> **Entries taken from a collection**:
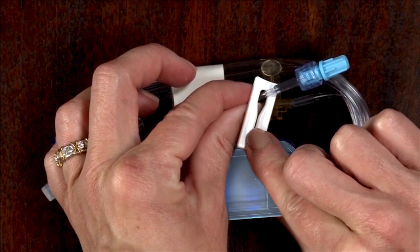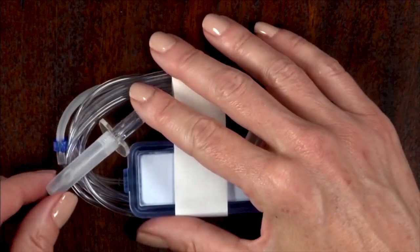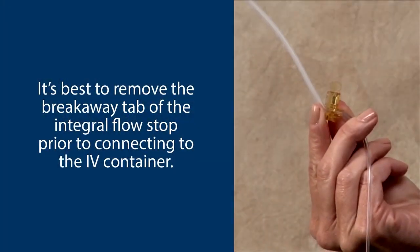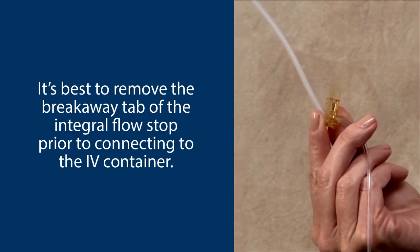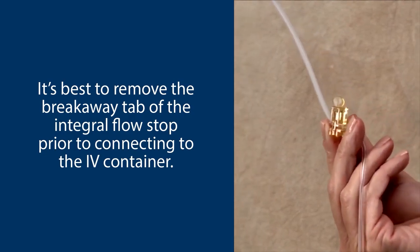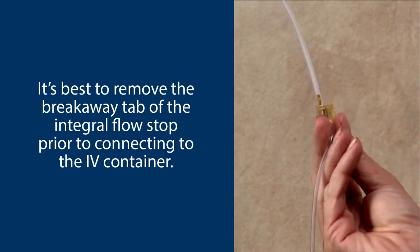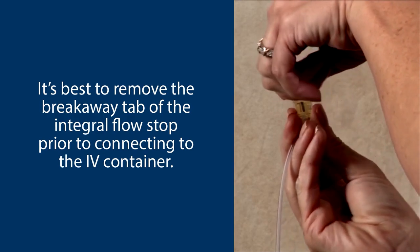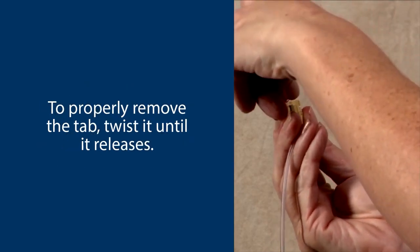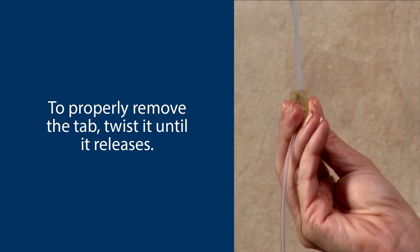The slide clamp should be in the open position, and the spike cover and tubing cap should be in place. Whether priming manually or on the pump, it's best to remove the breakaway tab of the integral flow stop prior to connecting to the IV container. When the tab is properly removed, the free flow protection will be engaged, preventing unregulated gravity flow. To properly remove the tab, twist it until it releases.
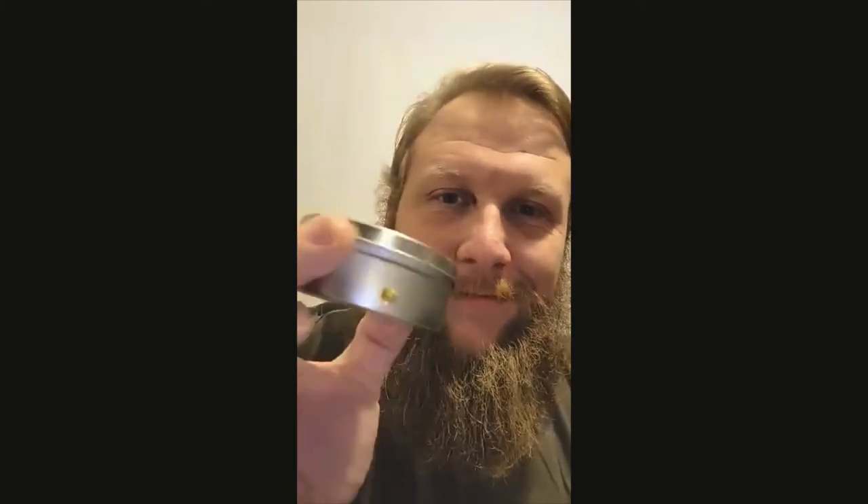So anyways, still in the tin there. I don't know what this is — seems to be maybe one of my daughter's little bejeweling things kind of stuck to it. All right, let's crack this open.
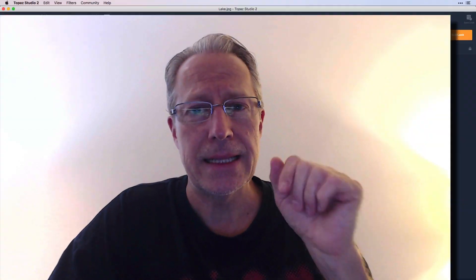One of the things that's really great about Topaz is that they have really powerful masking capabilities. What I'm going to do is walk through an edit of a photo using Studio 2, show off a few filters, and then do a little bit of brush masking. There are a number of masking options in Topaz Studio but I'm just going to cover brush masking in this video.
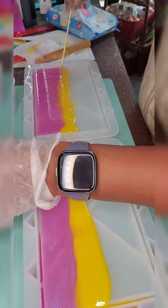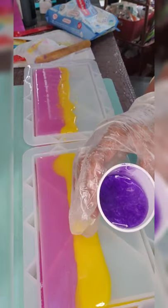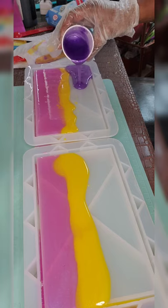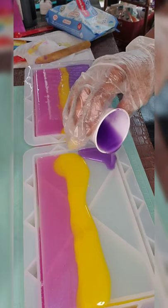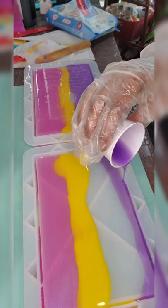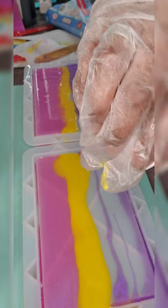I'm one of those types that likes to get all of the resin off if I can. Then we're going to come back with our purple for that bottom color. I had a lot of the purple, so we just want to make sure we get it along the bottom.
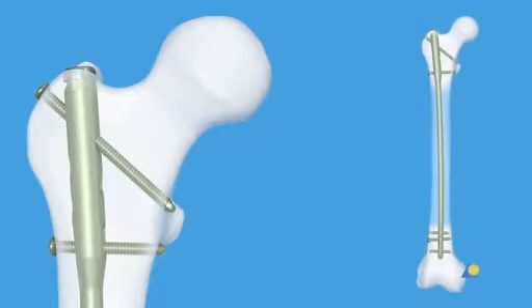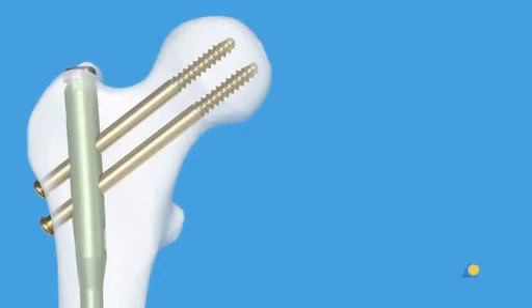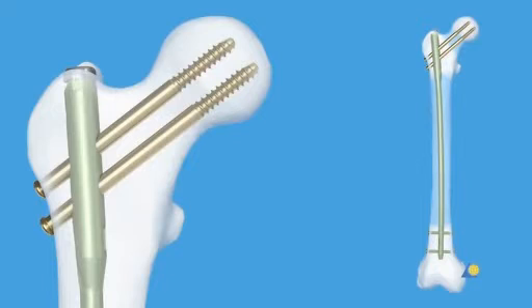Standard locking is used with 3.2 A, B, and C type fractures. Recon locking is used when there is a combination of 3.2 A, B, and C fractures with 3.1 B type fractures, when the fracture site is close to the lesser trochanter, or especially with subtrochanteric fractures. In this practical exercise, recon locking will be demonstrated.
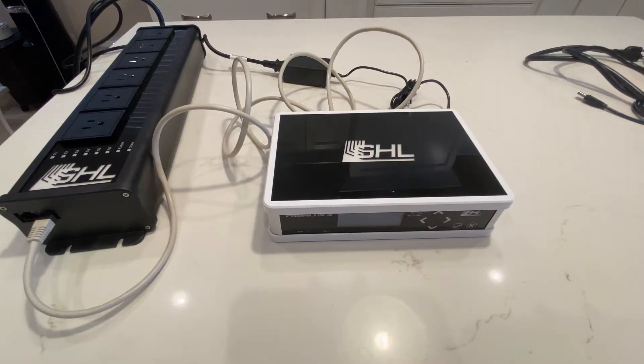Hello everyone, this is Derek with Reef Automation. This is episode 3 of the GHL vs. Apex series. In this episode, I'm going to go over the initial setup of both the GHL and the Apex.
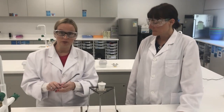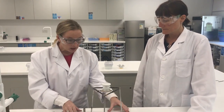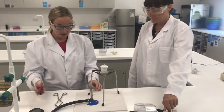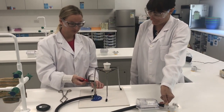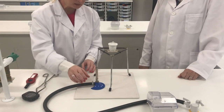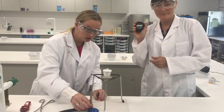Once you have practiced that and feel confident with the tongs, you are then going to light the Bunsen burner. Make sure it is lit first with the safety flame. You are working with your partner, so you can give your partner the stopwatch.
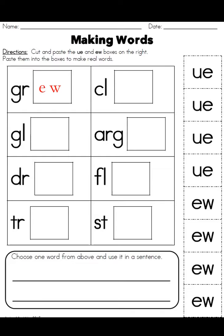Next we have grew, drew, flew, and stew — then the others get the UE: glue, true, clue, and argue. Then you had to make a sentence at the bottom.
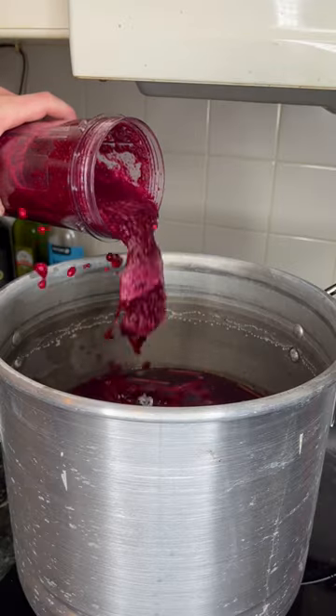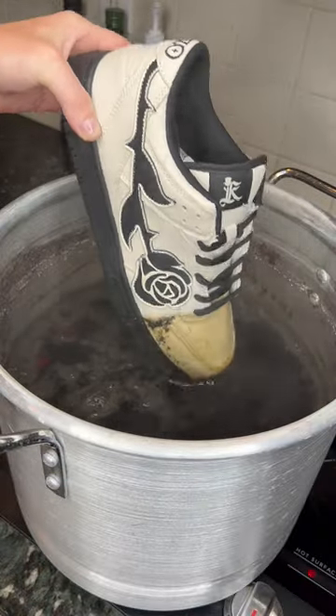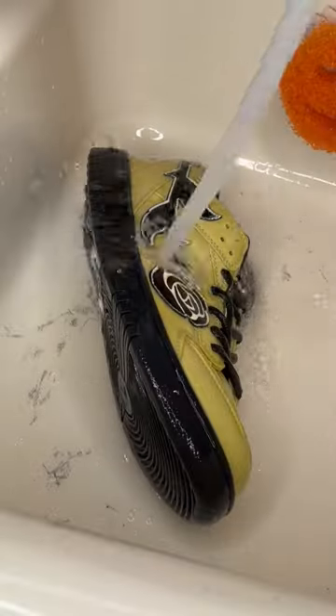So I blended it all up — I thought that would give me the best results. I poured it into a pot with water and I boiled it, but I made a mistake. I may have sort of kind of left the pot on the stove, forgot about it, and burned all the beets inside it. So now it's yellow instead of pink.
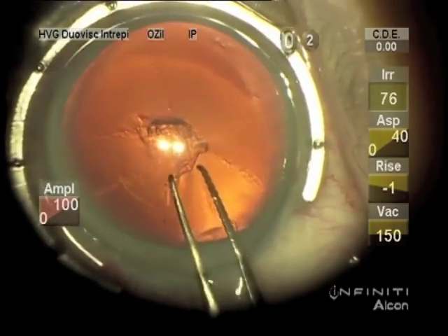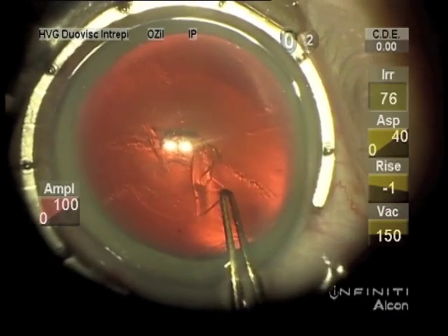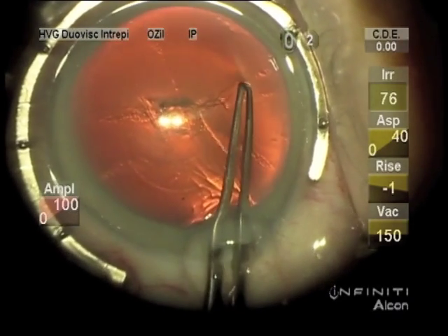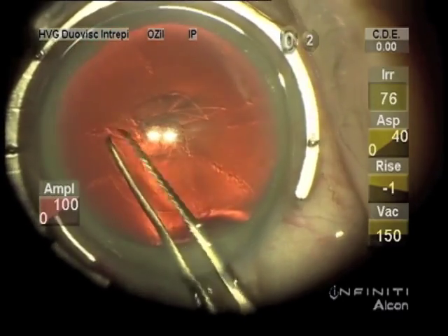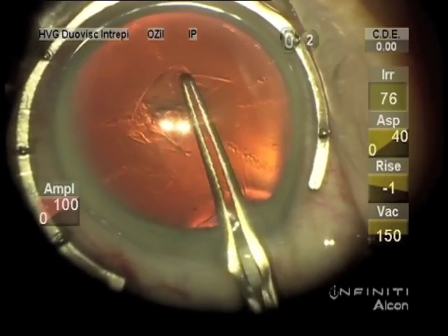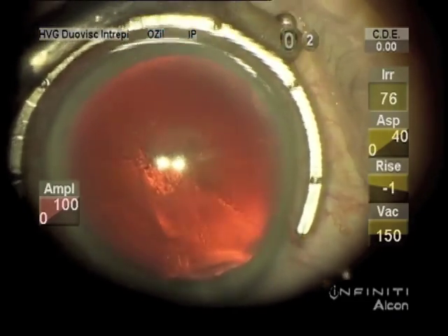I like to stop right there at the sub-incisional to re-grasp where you can get an easy grasp of the capsule, and then enough re-grasps to get a central circular opening.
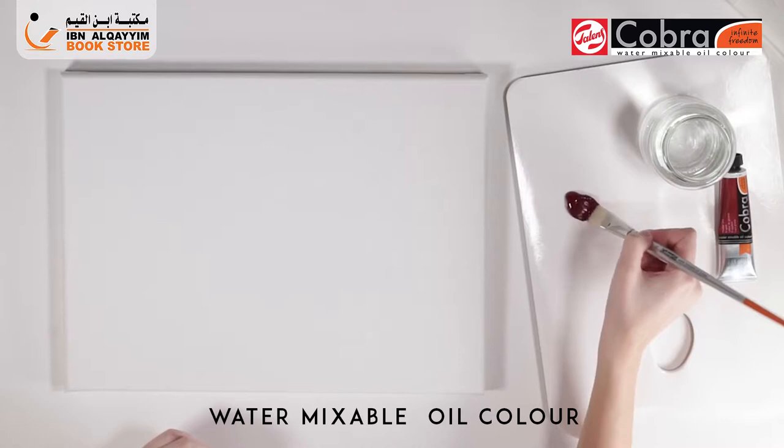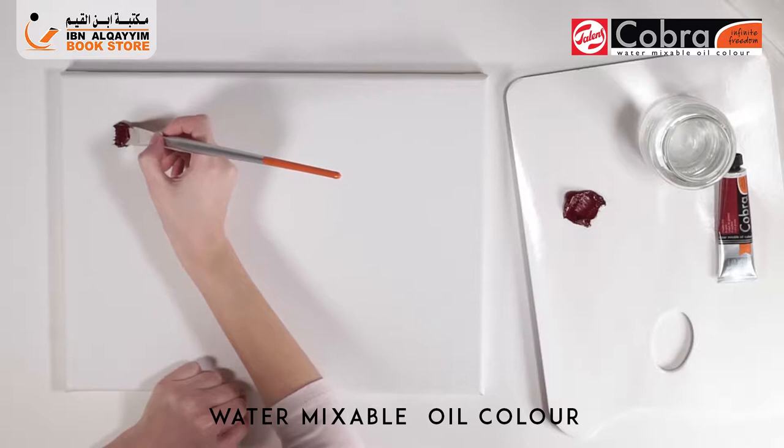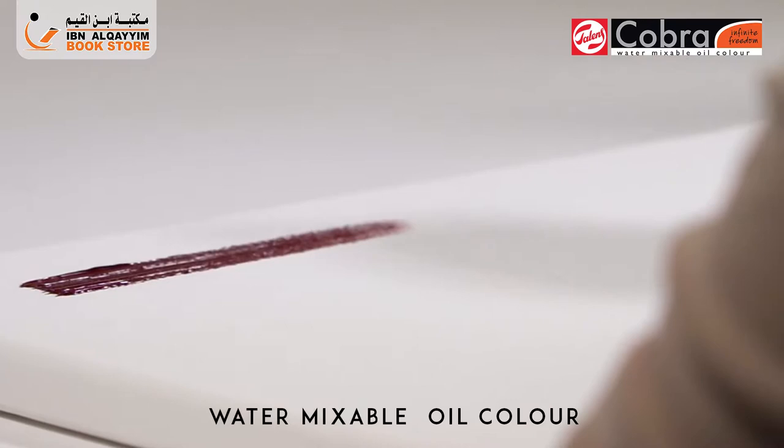Cobra is a pure oil paint — there is no water included. Cobra offers paint at the highest quality level, whereby the specific properties of oil paint are not compromised. To explain this, let's take a look at how traditional oil paint is made.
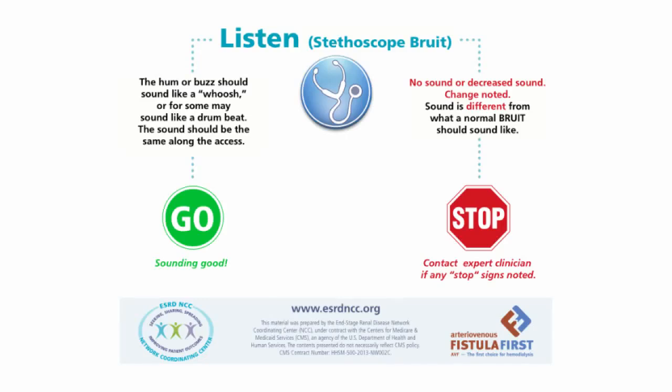Listening to your patient's access. It is important to listen to the patient's access before each dialysis treatment. You should listen for the bruit with a stethoscope along the full length of the access.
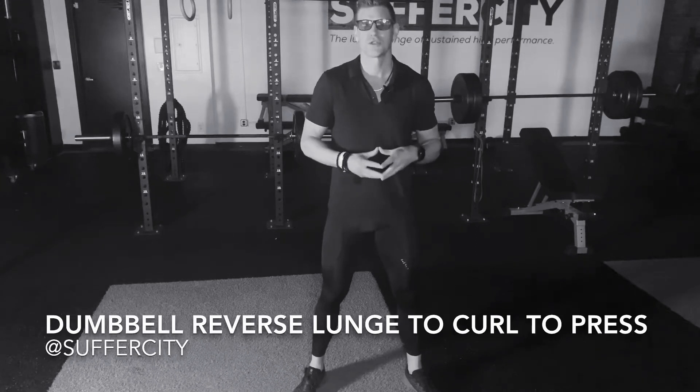This is your Suffer City virtual training program. My name is Jason and this is your dumbbell single arm reverse lunge to curl and press.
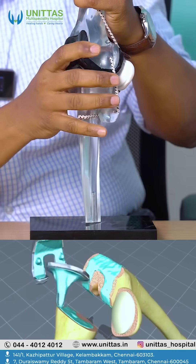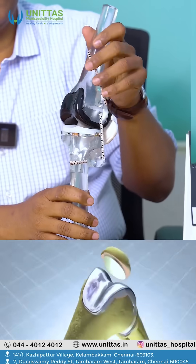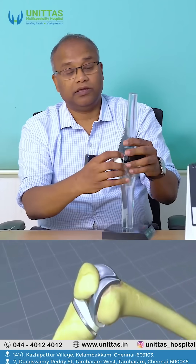Similarly, cement is placed inside the bone here and this is also attached. At the end, you will have bones where the edges will be of metal. This will be metal, and inside, in between, you will have something called high-density polyethylene. So, this is how the knee replacement is done.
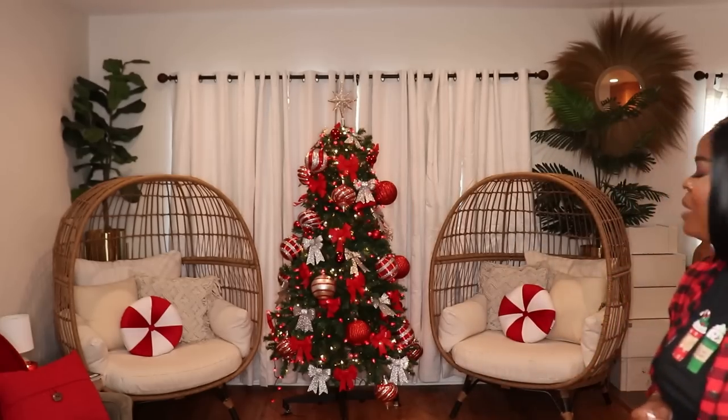You all just saw me add my finishing touches to the room. I added my little candy cane pillows back on the chairs and they look so cute — they really do pop in this space and bring that holiday cheer.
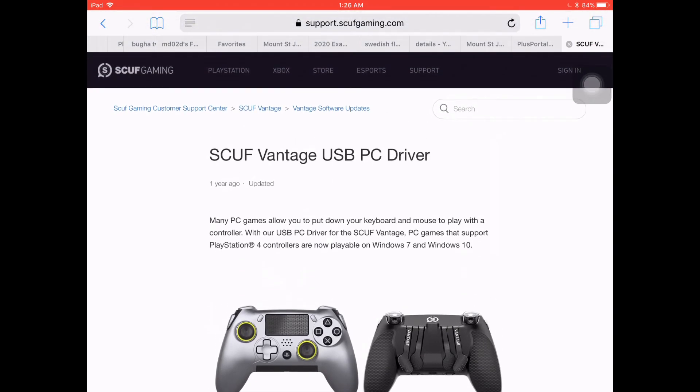If you have any questions about the process of doing this, you can always leave them in the comments down below for me, but I might not be able to answer all of them. However, SCUF themselves do have a very good support page, which you can see kind of in the middle of your screen right there.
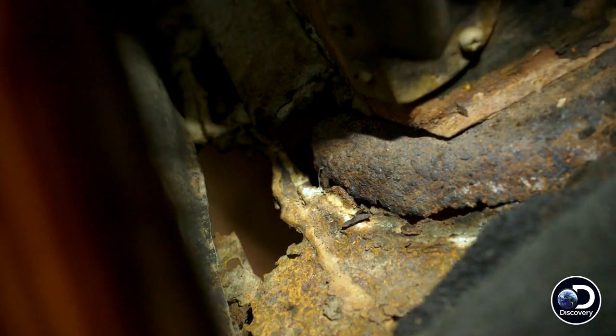When there's so much rust that you can't hammer it, break it, or turn it — burn it.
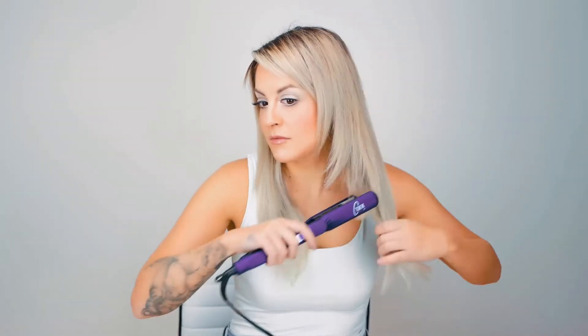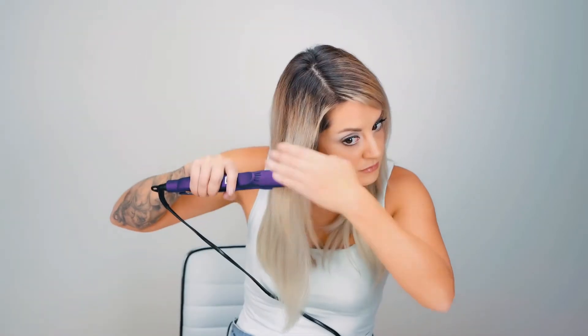How to get pop star hair using Sally Beauty products. To begin, I'm going to be using the Ion Gator Styling Iron. This is going to make my hair sleek and straight for a long-lasting look for Halloween night.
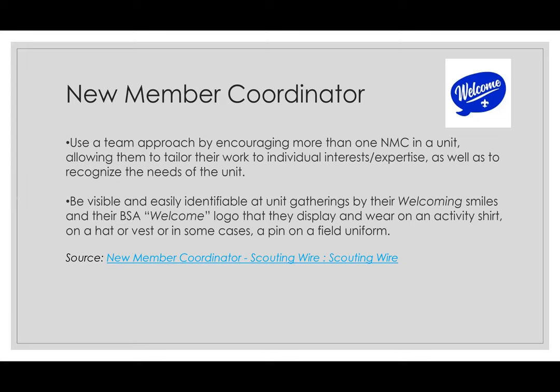This person can use a team approach by encouraging more than one new member coordinator, or NMC, in a unit. If they have friends within the unit who would be great team members to welcome new families, gather those people and have everyone do training together. Maybe one coordinator is great with Facebook and social media and can handle posting pictures and scheduling events. Maybe another person loves to plan and organizes monthly new friend activities. And perhaps another person loves the creative side and creates flyers and visuals that get out to schools and places in your community that attract families.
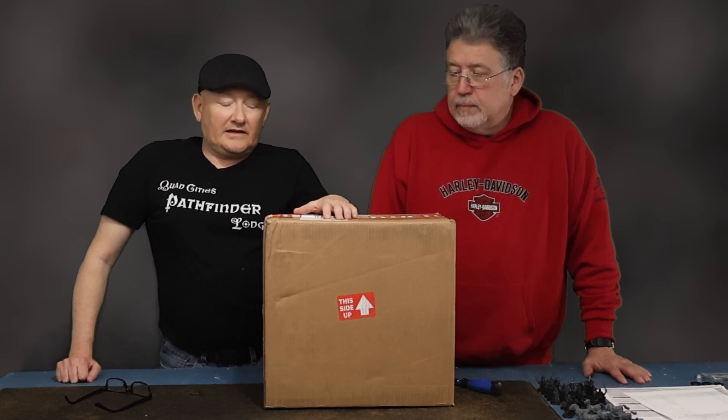Recently I made a compulsive purchase — I bought a new airbrush. I've never had an airbrush before, and I've done research on it a bunch of times but just decided one day I want to go buy an airbrush.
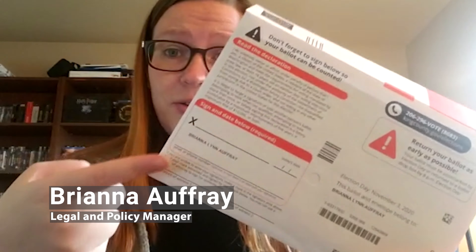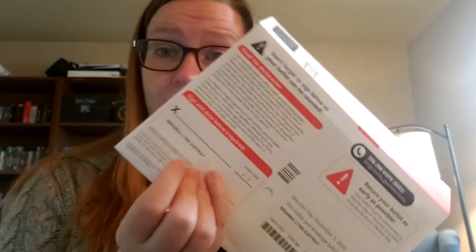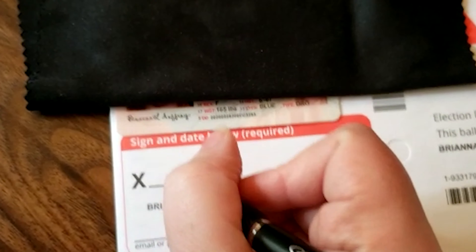Now comes one of the most important parts: your signature. You need to be sure to sign this envelope. A lot of people don't realize this, but in most states, election commissions actually review the signature on your envelope and make sure that it matches the signature on your license. So you want to be sure that you look at your license first, take a peek at which signature you used, and then make sure to use the same style of signature on your envelope.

> **WORK INSTRUCTION**: Please return the data above exactly as it stands from the line with "Listening to your" to the line with "Similarly, cement is", keeping both of those lines but none of the pictures.

> **SOLUTION TO THIS TASK**:
Listening to your patient's access. It is important to listen to the patient's access before each dialysis treatment. You should listen for the bruit with a stethoscope along the full length of the access.
This is your Suffer City virtual training program. My name is Jason and this is your dumbbell single arm reverse lunge to curl and press.
Similarly, cement is placed inside the bone here and this is also attached. At the end, you will have bones where the edges will be of metal. This will be metal, and inside, in between, you will have something called high-density polyethylene. So, this is how the knee replacement is done.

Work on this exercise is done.